In addition to the increased pace of production, another main benefit of adopting digital technologies is the elimination of inconvenient intermediaries between visual arts and film format. Quinn and Koji Yamamura (2010) celebrate the disappearance of the limitations that cel animation imposed to their original designs; for both artists, digital editing has improved the artistic resolution of their animated drawings, with the implicit cleanliness that scanning and editing provide to them, instead of using grease pencil and acrylic painting on cels, or what they consider to be a graphic “intermediary”[xiii] between their original drawings and the film print. As well, current technologies are more direct for artists and offers greater freedom, allowing them to preserve the gesture of their hand-made work in the final film print. In addition, the continuous monitoring of action, composition and rhythm leave room for more artistic control on every step of the filmmaking process, which becomes something alive.
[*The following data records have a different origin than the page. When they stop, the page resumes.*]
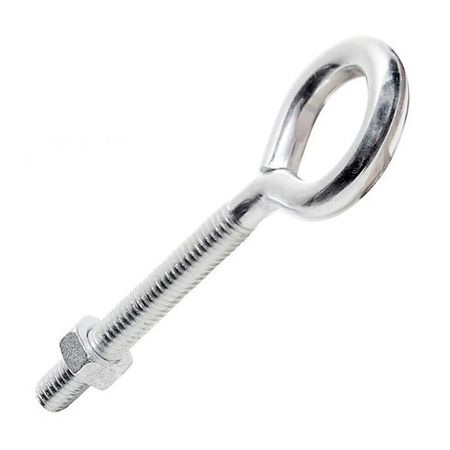 Perno Ojo con Tuerca 5/16x4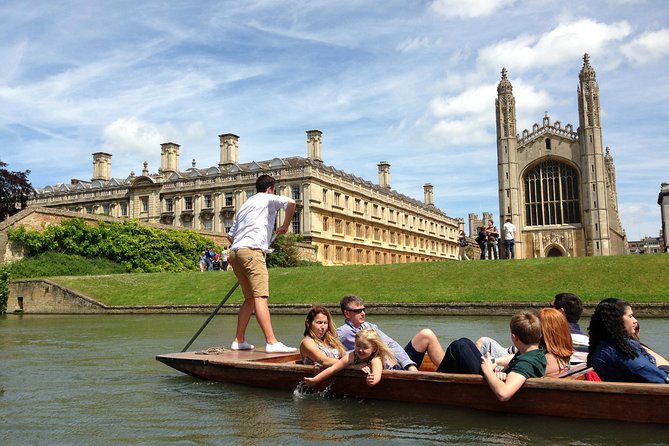 From London: Oxford and Cambridge University Town Tour with Guide - The guide can shape the whole day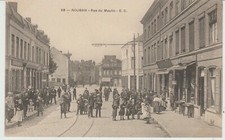 CPA ROUBAIX (59) RUE DU MOULIN - BELLE ANIMATION comprar usado  Enviando para Brazil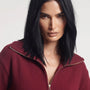 Maglia con zip DORABELLA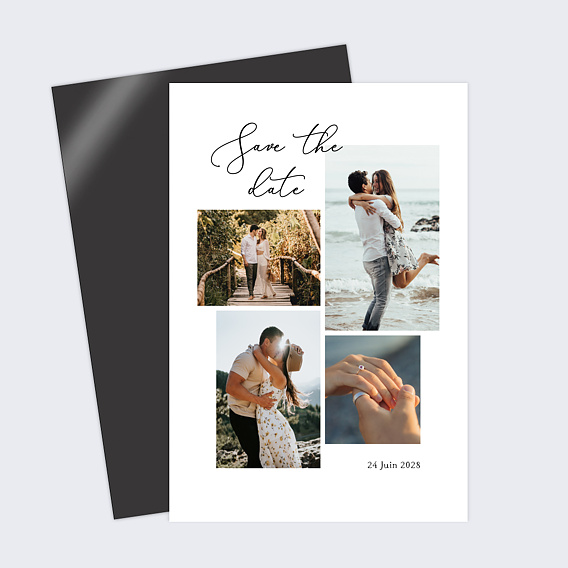 Save the date Joli Multi Recto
To conclude this section, we must highlight a factor that has been for some directors an added attractive and an opportunity to create: the combination of traditional and digital techniques. Selwood (2010) notes, “I also feel that working with live footage, archival footage and making hybrid forms of animation is now easier than in the past.”[xiv] The coexistence of means of expression in a digital context makes it more difficult to define boundaries between different art forms, as they are assimilated by animation into a new whole. Moreover, for most filmmakers, the use of digital tools such as the draw, scan, clean, contrast, multilayer, etc. functions in Adobe’s Photoshop have become so ubiquitous that they are considered to be a necessary preliminary step in image processing. Ultimately, with the development of these tools, the borders between traditional and digital work has faded in the production process of artistic animation. As such, animation is a versatile medium whose evolution is inextricably linked to the development of technology, though such evolution is often the result of overcoming subsequent technical limitations that create a new needing, as we contend in the next section.
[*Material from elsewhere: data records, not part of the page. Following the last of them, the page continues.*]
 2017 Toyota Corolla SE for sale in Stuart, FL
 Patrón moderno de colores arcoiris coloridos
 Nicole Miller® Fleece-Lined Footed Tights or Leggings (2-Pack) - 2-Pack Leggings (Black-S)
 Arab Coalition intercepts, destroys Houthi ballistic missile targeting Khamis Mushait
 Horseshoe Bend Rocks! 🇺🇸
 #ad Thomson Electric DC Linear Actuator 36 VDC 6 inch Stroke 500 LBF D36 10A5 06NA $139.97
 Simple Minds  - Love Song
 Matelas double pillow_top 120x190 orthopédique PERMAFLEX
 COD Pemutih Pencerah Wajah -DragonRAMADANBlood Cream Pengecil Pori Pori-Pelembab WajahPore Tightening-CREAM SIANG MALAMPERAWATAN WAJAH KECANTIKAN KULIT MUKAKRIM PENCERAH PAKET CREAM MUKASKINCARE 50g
4.  The Challenge of Adaptation: A New Scene with New Handicaps

This section will explore the new technical aspects of artistic animation raised by the use of computers.  First, we focus on the human aspects, determining when the artists need to interact with a team of specialists. We then describe the software programs used for every stage of animation making, which has caused a significant change to the processes at more conventional studios. We will conclude by outlining how new technologies have solved old limitations, such as number of layers, camera movements, mixed media, but they have also led to new boundaries, including technical specialization and team working. Our analysis of the artists’ requests to solve these limitations will also suggest new horizons for future collaborations between computer developers and animators.
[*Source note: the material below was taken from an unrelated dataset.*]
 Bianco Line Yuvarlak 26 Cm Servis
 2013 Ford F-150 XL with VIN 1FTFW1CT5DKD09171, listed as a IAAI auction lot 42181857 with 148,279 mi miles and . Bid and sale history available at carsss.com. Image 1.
Many artists have been attracted by animation as a means to explore their creative personality; the animated short film becomes an intermediate space between cinema, which requires the division of labour, and art, which privileges individuality. Animation painters, like Alexander Petrov or Caroline Leaf, have become well-known due to their tendency to work alone despite the tremendous labour behind their films, which show their personal imprint onto animated matter. However, the digital context has established new rules, in that an increase in the division of work may call into question the idea of animation as a place where artists can develop their tasks autonomously. More simply, digital technologies have established a twofold issue: when artist-animators start a film, they recruit less traditionally-skilled professionals, but inversely, when the film enters its post-production phase, they need to involve more computer-skills specialists, such as 3D animators, digital clean up, mattes, compositing and editing technicians. Therefore, the division of work in artistic animation is selective because initially the personal aesthetic and style of the artist-filmmaker predominates, and the process becomes only more pluralized or collaborative when it approaches the technical phases.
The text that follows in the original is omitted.